D. Quan1, R. Gordon1, J. Lee1, D. Khoshabafard2, A. Han1

1Pharmacy, UCSF Medical Center, San Francisco, CA, 2Clinical Phamacy, UCSF School of Pharmacy, San Francisco, CA

Meeting: 2022 American Transplant Congress

Abstract number: 1658

Keywords: Adverse effects, Dosage, Infection, Pneumonia

Topic: Clinical Science » Pharmacy » 30 - Non-Organ Specific: Clinical Pharmacy/Transplant Pharmacotherapy

Session Information

Session Name: Pharmacy II

Session Type: Poster Abstract

Date: Tuesday, June 7, 2022

Session Time: 7:00pm-8:00pm

 Presentation Time: 7:00pm-8:00pm

Location: Hynes Halls C & D

*Purpose: The purpose of this study was to determine the incidence of dapsone-induced methemoglobinemia in solid organ transplant recipients.

*Methods: This was a single-center retrospective cohort study that included adult heart, kidney, liver, and lung transplant recipients from June 1, 2012 through December 31, 2019 who received dapsone for pneumocystis jiroveci pneumonia prophylaxis. Thoracic (i.e. heart and lung) transplant recipients received dapsone 50-100mg by mouth three times a week, whereas abdominal (i.e. kidney and liver) transplant recipients received 50-100mg daily. The primary outcome was to determine the incidence of methemoglobinemia. Secondary outcomes included dose of dapsone, and the time to develop methemoglobinemia after starting dapsone. Methemoglobinemia was defined as >1.5%.

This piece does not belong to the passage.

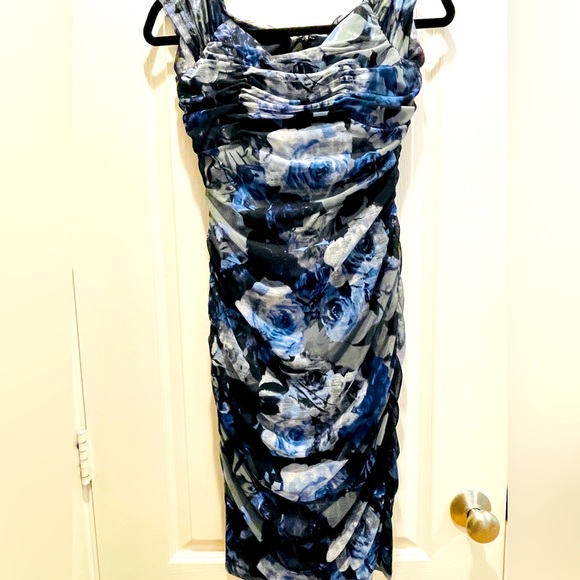 Alex Evenings Blue Floral Ruched Cocktail Dress, Size 4 - Picture 1 of 8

*Results: A total of 357 transplant recipients received dapsone during the time period. There were 241 abdominal (kidney=145, liver=89, and liver+kidney=7) and 116 thoracic (heart=13, heart+kidney=2, heart+lung=2, and lung=99) transplant recipients. Methemoglobinemia developed in 65 (18.2%) patients (heart=2, heart+lung=2, heart+kidney=1, lung=28, kidney=15, liver=15, liver+kidney=2). Among the single organ transplants, methemoglobinemia was observed in 2/13 (15.4%) of heart, 28/99 (28.3%) lung, 15/145 (10.3%) kidney, and 15/89 (16.9%) liver recipients. There were 33 (28.4%) thoracic transplant recipients who developed methemoglobinemia compared to 32 (13.3%) who received an abdominal transplant (p<0.05). Median dapsone dose in thoracic and and abdominal transplant patients was 36.3mg/day and 100mg/day respectively. The lower dose of dapsone used in thoracic transplant recipients was associated with methemoglobinemia (p<0.05). The median time to methemoglobinemia observation was 22.5 days.

*Conclusions: Methemoglobinemia was more frequently observed in thoracic transplant recipients. The development of methemoglobinemia does not appear to be related to higher doses of dapsone. Limitations include the retrospective nature of this study, obtaining methemoglobin levels only when clinically indicated, and the potential that methemoglobin levels were evaluated more frequently in thoracic due to pulmonary symptoms than abdominal transplant recipients. Methemoglobinemia is an under recognized adverse effect of dapsone that can have significant morbidity. Judicious monitoring can facilitate early detection and avoid untoward side effects.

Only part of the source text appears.